* _Data shown_:
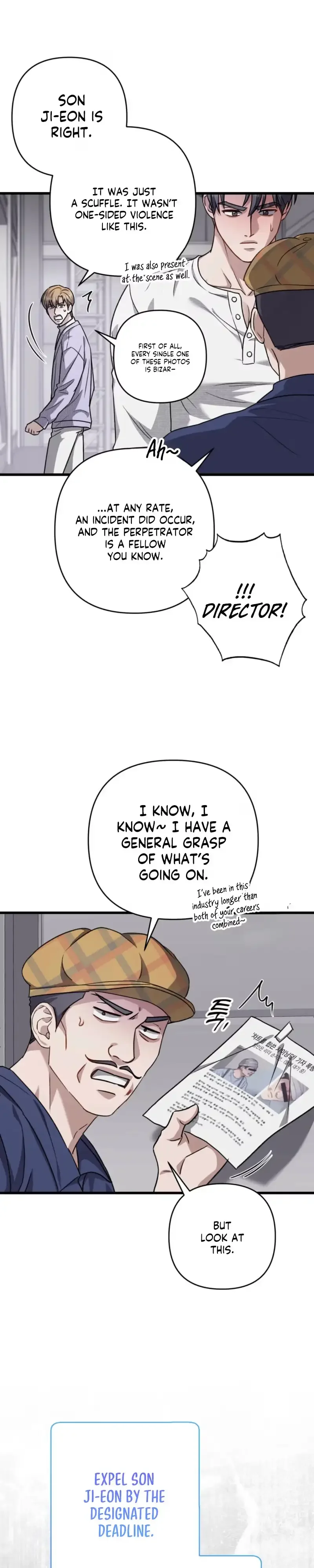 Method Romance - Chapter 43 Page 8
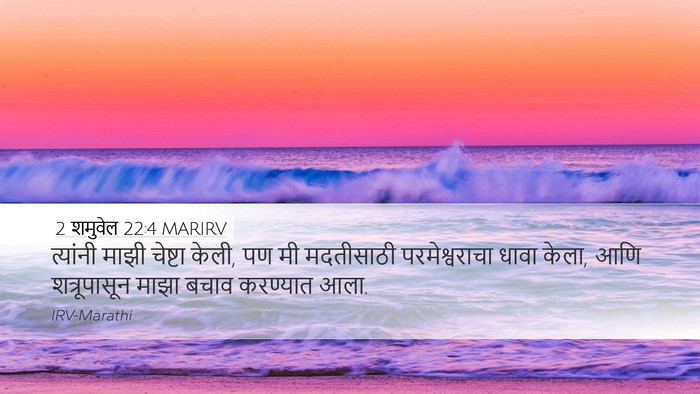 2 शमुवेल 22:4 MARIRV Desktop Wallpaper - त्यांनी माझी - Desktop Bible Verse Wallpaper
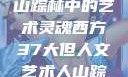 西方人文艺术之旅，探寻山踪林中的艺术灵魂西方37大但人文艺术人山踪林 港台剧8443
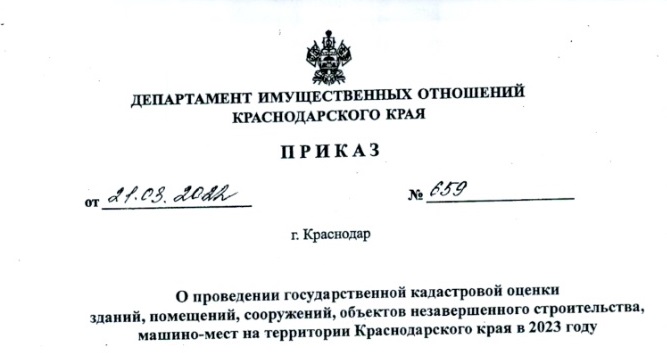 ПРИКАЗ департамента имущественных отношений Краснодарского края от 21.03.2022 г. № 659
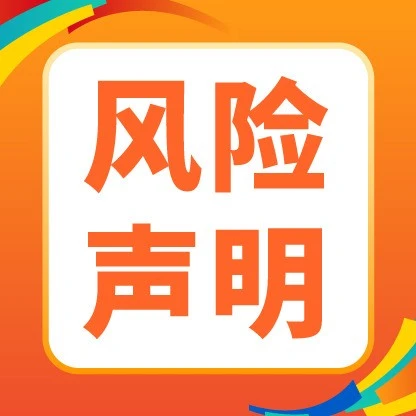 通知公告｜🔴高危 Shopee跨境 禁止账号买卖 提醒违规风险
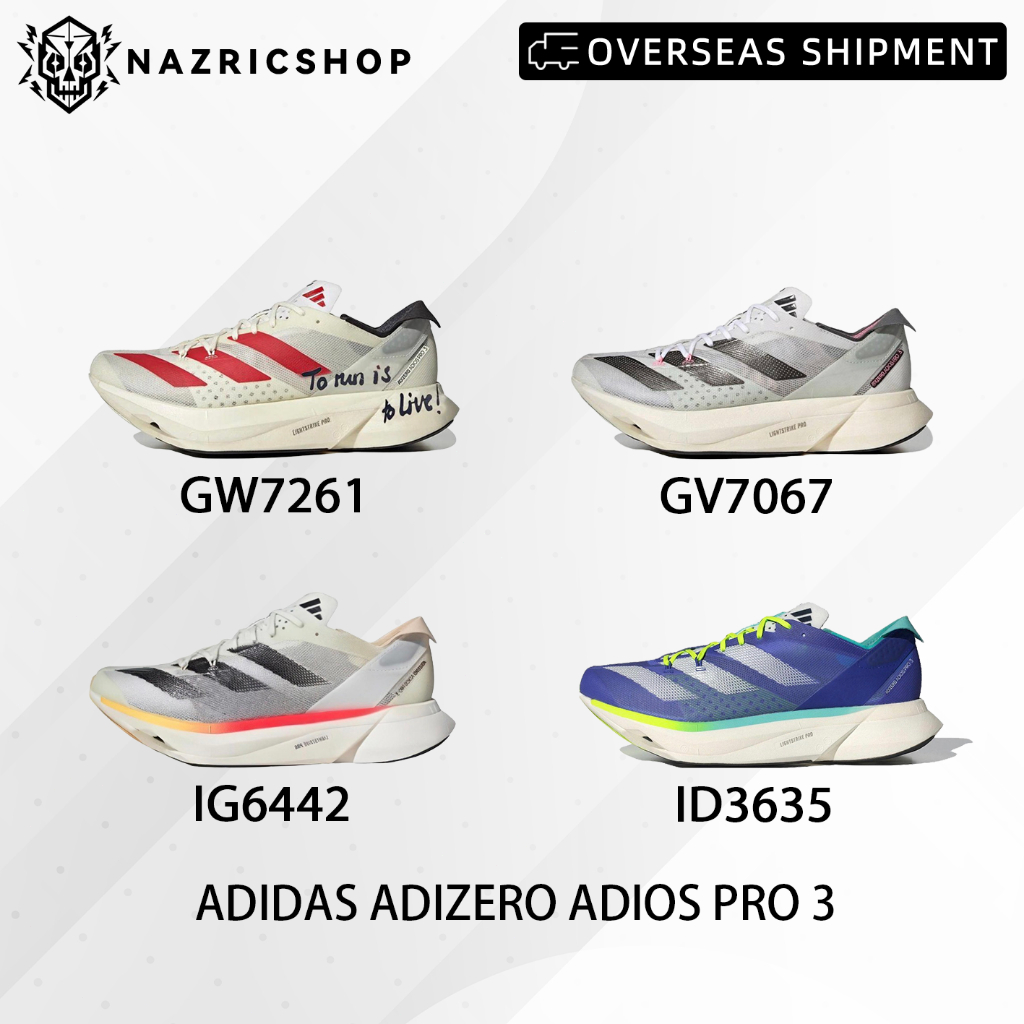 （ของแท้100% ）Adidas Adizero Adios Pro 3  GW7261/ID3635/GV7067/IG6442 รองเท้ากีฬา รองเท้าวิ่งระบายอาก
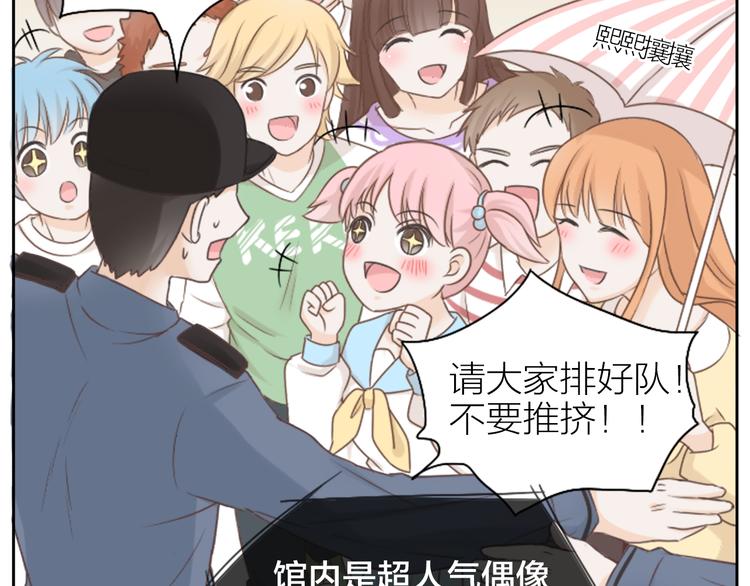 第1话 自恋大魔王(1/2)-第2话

...

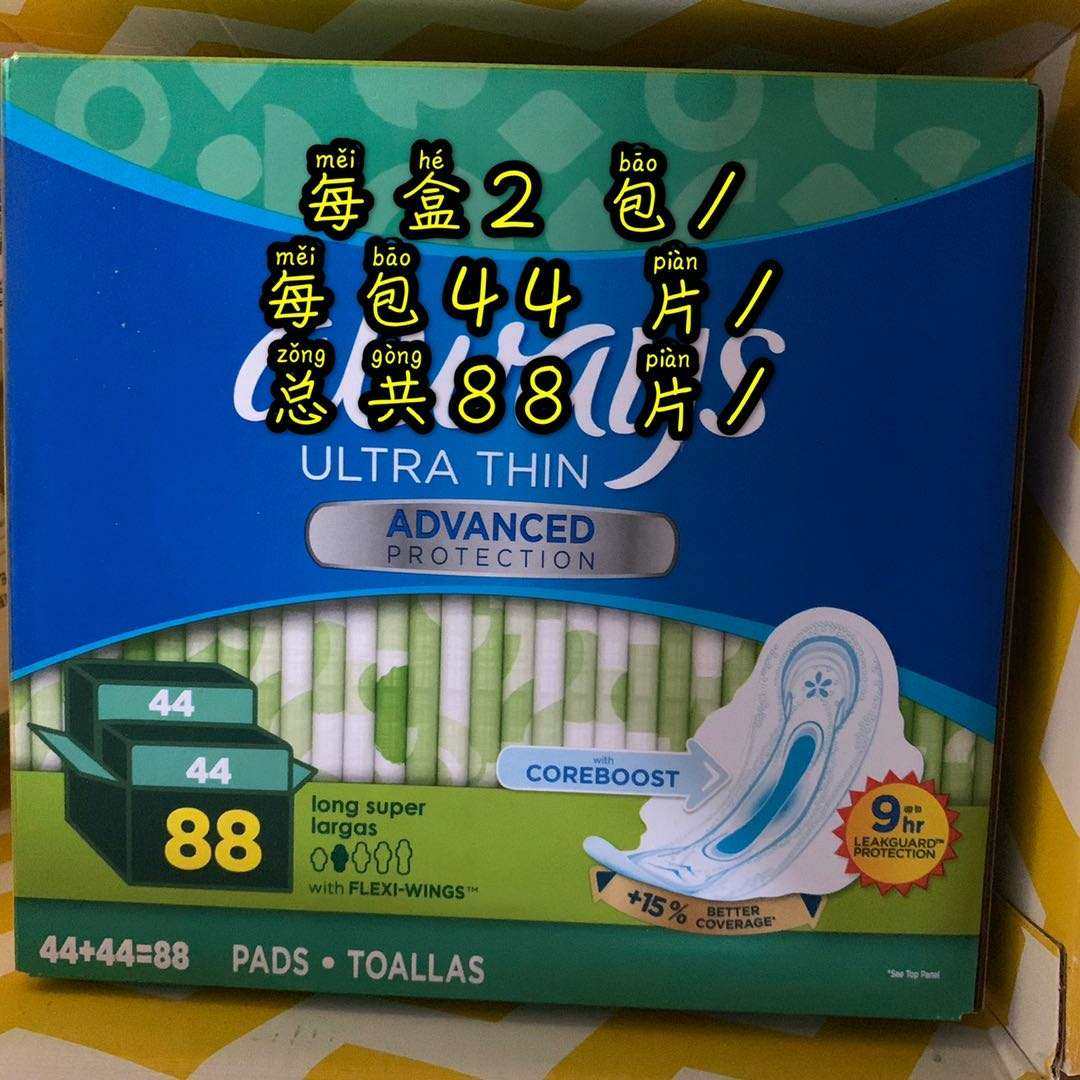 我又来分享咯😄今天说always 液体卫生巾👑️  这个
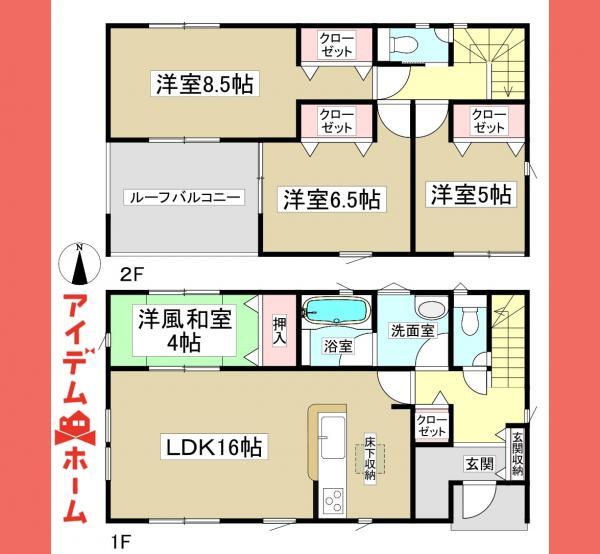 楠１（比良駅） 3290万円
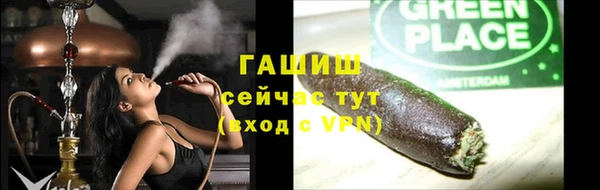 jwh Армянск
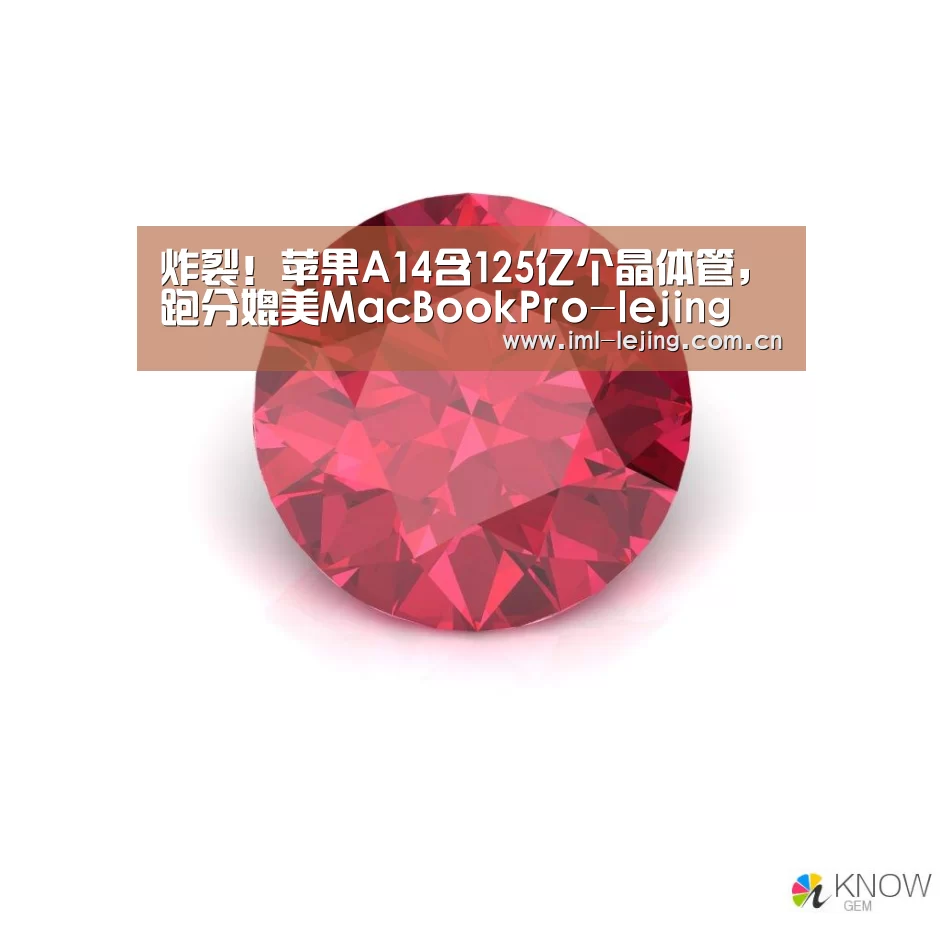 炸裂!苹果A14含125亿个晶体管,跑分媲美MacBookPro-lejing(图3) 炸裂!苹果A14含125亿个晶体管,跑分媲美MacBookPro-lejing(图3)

---

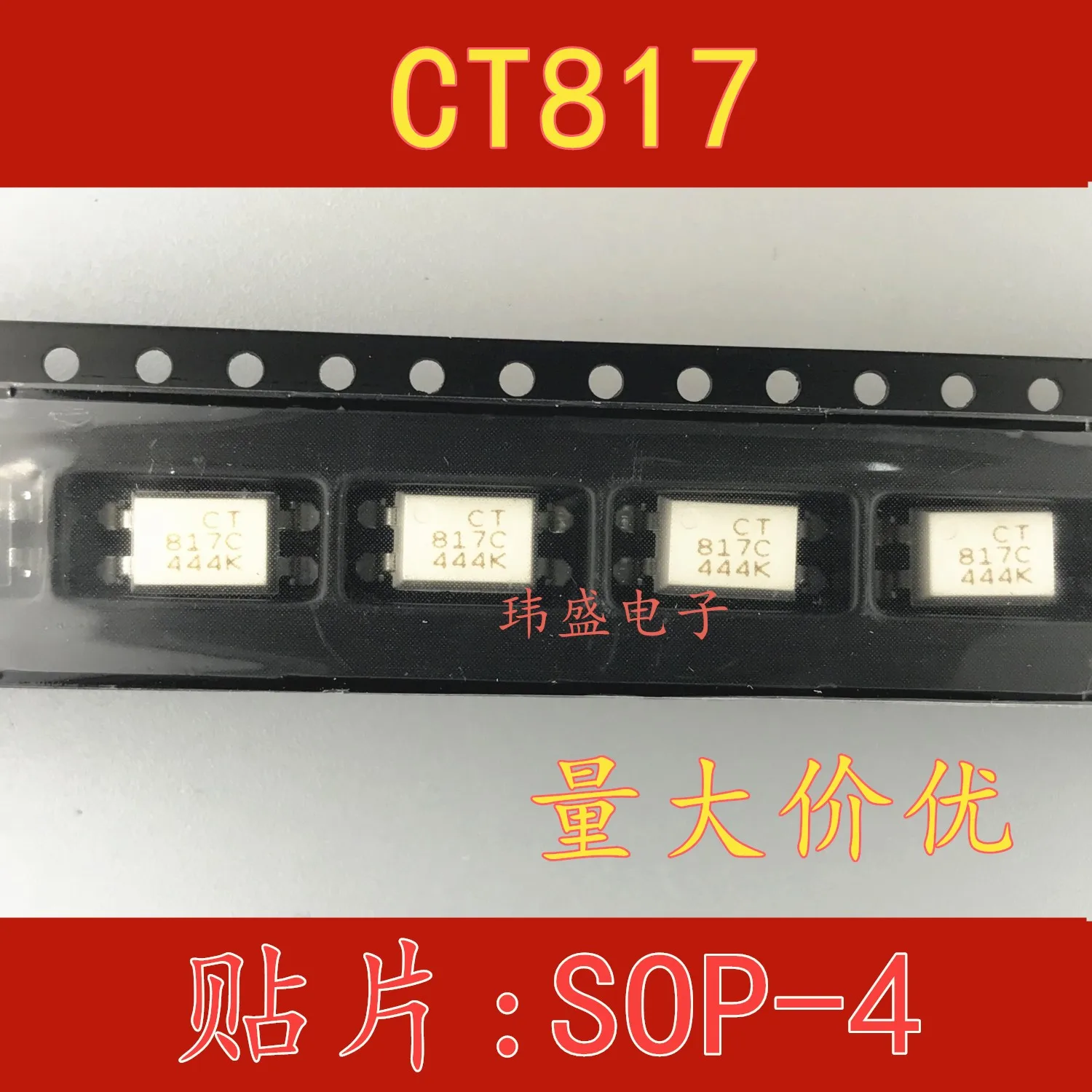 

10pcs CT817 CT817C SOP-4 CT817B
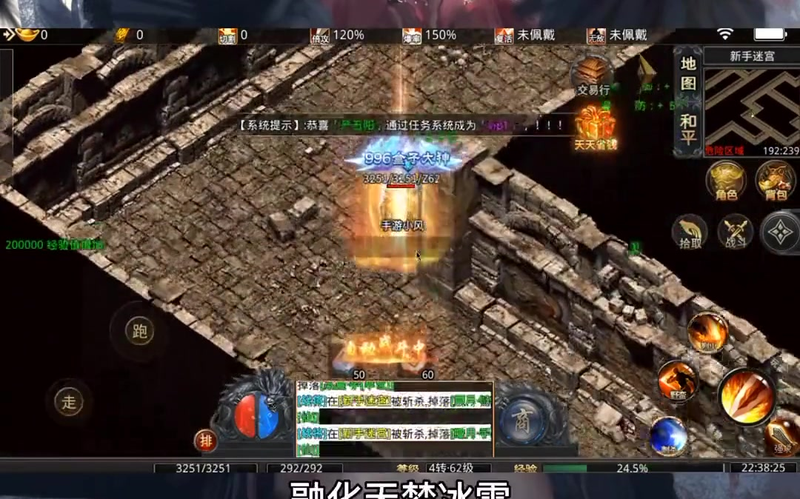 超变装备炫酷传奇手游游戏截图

* _Task to carry out_: When copying from the data above, print only the lines from the line containing "西方人文艺术之旅，探寻山踪林" to the line containing "第1话 自恋大魔王(1/2)-第2话", exactly, and leave the pictures out.

* _Response below_:
 西方人文艺术之旅，探寻山踪林中的艺术灵魂西方37大但人文艺术人山踪林 港台剧8443
 ПРИКАЗ департамента имущественных отношений Краснодарского края от 21.03.2022 г. № 659
 通知公告｜🔴高危 Shopee跨境 禁止账号买卖 提醒违规风险
 （ของแท้100% ）Adidas Adizero Adios Pro 3  GW7261/ID3635/GV7067/IG6442 รองเท้ากีฬา รองเท้าวิ่งระบายอาก
 第1话 自恋大魔王(1/2)-第2话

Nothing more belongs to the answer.